REVIEW: RVAsec 2012 - Software Security: A Waste of Time?

RVAsec 2012 - Software Security: A Waste of Time?

https://www.youtube.com/watch?v=vtGXgRQXE4k

This is a presentation at a security conference covering the value of the Microsoft SDL.  He shows that some measurements are not necessarily valid, but comes out believing that the Microsoft SDL is definitely worthwhile, whatever the net impact on vulnerabilities, as it is a more proactive approach rather than a reactive one.

He recommends running all freely available fuzzing tools against your system since someone will eventually do that and you may as well catch things before they do.  He recommends reviewing the SANS Top 25 App Security vulnerabilities annual list.  A question is asked at the end about applying the SDL to agile, but he basically says “it’s hard” and “work through things” rather than providing much clear guidance.

It is a Dangerous World

I was fighting off the flu along with some personal business during much of the Java hoopla, but it reminds me that we live in a very dangerous world.  I suspect we will find that all kinds of core tools have major flaws in them.

Some of this is because most development is not done with security in mind, even in organizations where that is supposed to be a priority.  Getting things working and out the door is far more important in many cases.  This is logical since that is how money is made, but it is ultimately dangerous since it is also how money can be lost.

Though the lost money often comes at the expense of others, so the risk is not properly applied in that sense, making for somewhat perverse incentives.

It is like the credit card brands pushing the issues of compliance on card processors instead of providing a much more secure structure themselves.

I don't see any good solution to this.  A recent article made a good point that we cannot stop using the technologies that have enabled the productive use of modern technologies.  The challenge is going to be figuring out how to do so in spite of such flaws.

Don't Plan Because You are Uncertain?

Don't plan for uncertainty until you are certain:

http://www.csoonline.com/article/721150/certainly-uncertain

This humor comes too close to reality in many organizations.

The CISM

I never did post a note here that I finally got all the paperwork in for the CISM.  I passed the test a while back, but it took a bit to follow up with the paperwork.  One challenge I see is that it is much more limited about what will qualify for CPEs. 

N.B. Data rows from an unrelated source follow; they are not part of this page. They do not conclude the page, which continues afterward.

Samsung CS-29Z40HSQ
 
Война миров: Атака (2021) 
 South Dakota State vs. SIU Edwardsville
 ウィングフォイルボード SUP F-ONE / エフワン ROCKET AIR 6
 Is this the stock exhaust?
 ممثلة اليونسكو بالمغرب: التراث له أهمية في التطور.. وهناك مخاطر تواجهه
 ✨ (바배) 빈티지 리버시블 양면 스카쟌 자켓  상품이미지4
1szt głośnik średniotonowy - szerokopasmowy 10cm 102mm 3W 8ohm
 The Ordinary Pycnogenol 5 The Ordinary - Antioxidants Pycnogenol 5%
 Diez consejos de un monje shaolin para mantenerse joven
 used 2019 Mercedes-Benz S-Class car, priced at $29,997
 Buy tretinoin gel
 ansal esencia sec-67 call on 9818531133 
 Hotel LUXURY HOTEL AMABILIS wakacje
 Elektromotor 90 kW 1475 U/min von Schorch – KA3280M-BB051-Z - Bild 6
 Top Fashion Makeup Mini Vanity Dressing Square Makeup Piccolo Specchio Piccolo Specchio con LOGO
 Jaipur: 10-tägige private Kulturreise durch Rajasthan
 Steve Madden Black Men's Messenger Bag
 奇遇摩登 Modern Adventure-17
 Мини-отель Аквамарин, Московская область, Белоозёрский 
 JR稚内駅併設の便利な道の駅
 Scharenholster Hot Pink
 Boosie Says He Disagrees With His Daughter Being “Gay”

I listen to a lot of podcasts and while the CISSP allows those, the CISM appear to not count them.  Going and sleeping through a conference is fine as long as you have the piece of paper at the end.  I will have to keep my eye out for valid outlets to keep this updated.  Fortunately it looks like the classes I teach will help, so I may not have as hard a time as it seemed at first.

Congress is not Always the Solution

Good thoughts in the latest Salted Hash commentary.

http://blogs.csoonline.com/security-leadership/2458/dear-congress-please-keep-your-dirty-hands-cybersecurity-email-privacy

The danger is that so many fail to realize that things like this have great potential for abuse, especially of those with low personal restraint.  Anything could become a national security issue and could justify spying.  It is quite dangerous to trust government to protect us in all areas.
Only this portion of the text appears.